Nevertheless, 2017 produced mixed results. Rent per square foot also rose 1 percent, to $61.66, and comparable tenant sales per square foot rose 2.3 percent to an average of $810. But the company still ended the year with net income under standardized accounting principles of $55.38 million, compared to $107.61 million at the end of 2016. Funds from operations fell 10.2 percent to $3.51 per diluted common share.
These declines are partially due to restructuring costs over the year, including staff cuts. During the fourth quarter, the company brought in “an outside consultant to help us in our continuous efforts to operate more efficiently and cost effectively without sacrificing the quality of our operations,” according to Simon Leopold, Taubman chief financial officer.
The company also lowered its long-term guidance on net operating income to up to $75 million by 2020, from a previous guidance of $80 million by the end of this year, but the ceo said current “momentum,” marked by new tenant deals with the likes of Amazon and Kendra Scott and a slew of high-end restaurants and concept eateries, is expected to hold.
Taubman also said the company’s emerging business in Asia is growing at a clip and that he’s looking to enter South Korea, with some help from interested “blue-chip capital” investors, in the not too distant future.
“We’re ready to move forward on the next evolution of this business,” Taubman said. “Our goal today is to create a platform that finances itself by bringing new capital partners and potentially adding additional operating partners where appropriate to create a less capital-intensive business that can grow the asset base with improved returns on equity, and we think that’s the right next step now.”
He added that more specifics will likely come this year.
As for difficulties the company faced with its property in Puerto Rico, which was affected by successive record hurricanes during fall, things are looking up there, too. While marquee tenants Nordstrom and Saks Fifth Avenue are still closed due to damages sustained to the property, a majority of other tenants were opened by year-end.

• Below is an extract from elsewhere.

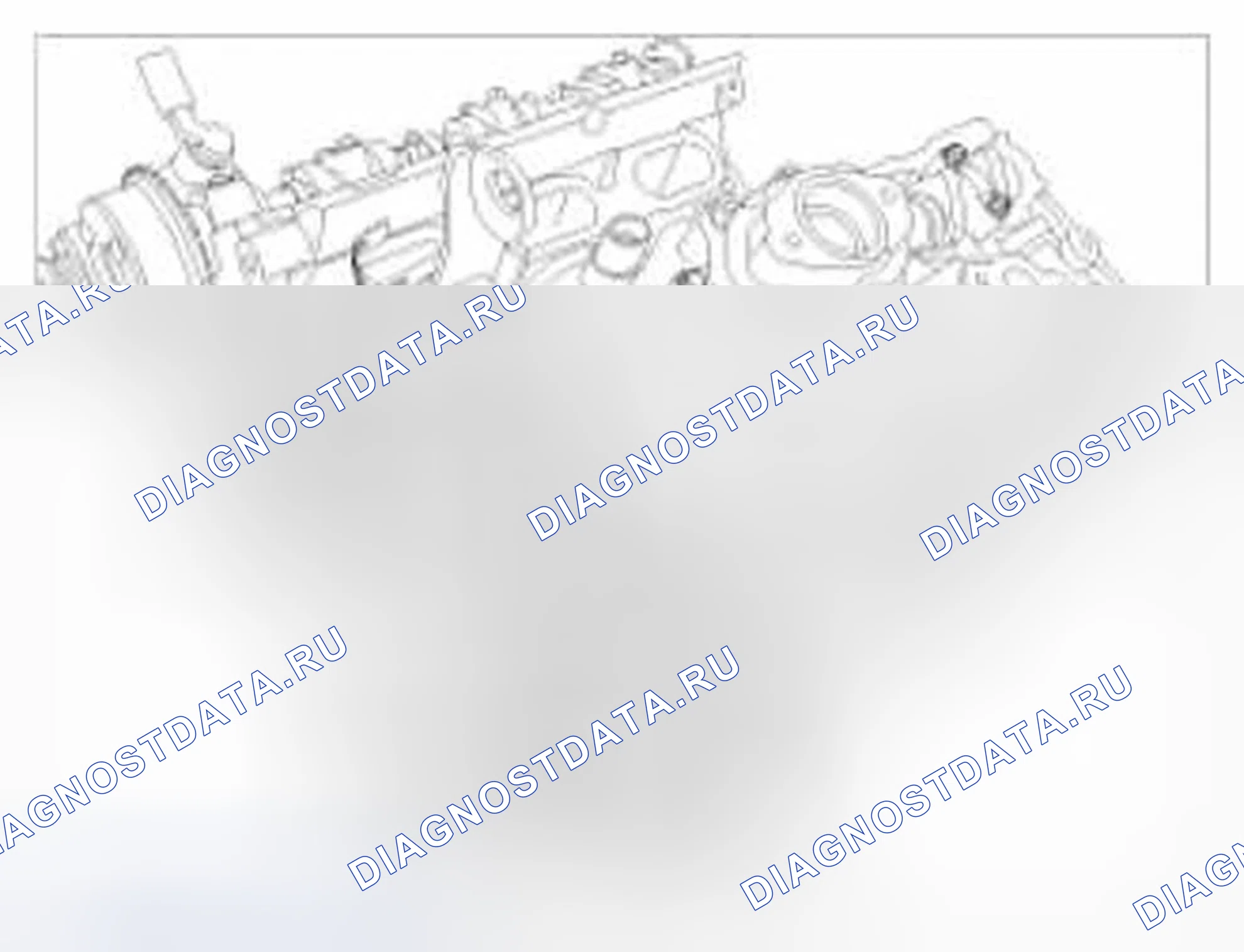 Рис. 33: Демонтаж. Hyundai Azera II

Taubman also said that Saks has now begun to repair and renovate its store there, after the mall operator filed a lawsuit in the territory, accusing the retailer of refusing to even start repairs. However, it’s still unknown when Saks will reopen, while Nordstrom is expected to be open by summer.
When an analyst alluded to the prospect of going private after 25 years of trading, pointing to the value of Taubman’s assets and how little “fun” having to answer investor questions is, the ceo gave no sign of an immediate change.
“We’ve been very successful as a public company for many, many years…it’s been a good voyage, a really good journey,” Taubman said. “Obviously, sometimes answering questions isn’t always easy, especially when you’re in the development business and there’s a lot of volatility… but we’ve been able to make good choices over the years. Some haven’t worked out, but most have. And we’re pleased with where we are right now. We think things are recovering and are stabilizing and we’re looking forward… and we believe that we’re going to grow value for shareholders and deliver on those promises over the coming years.”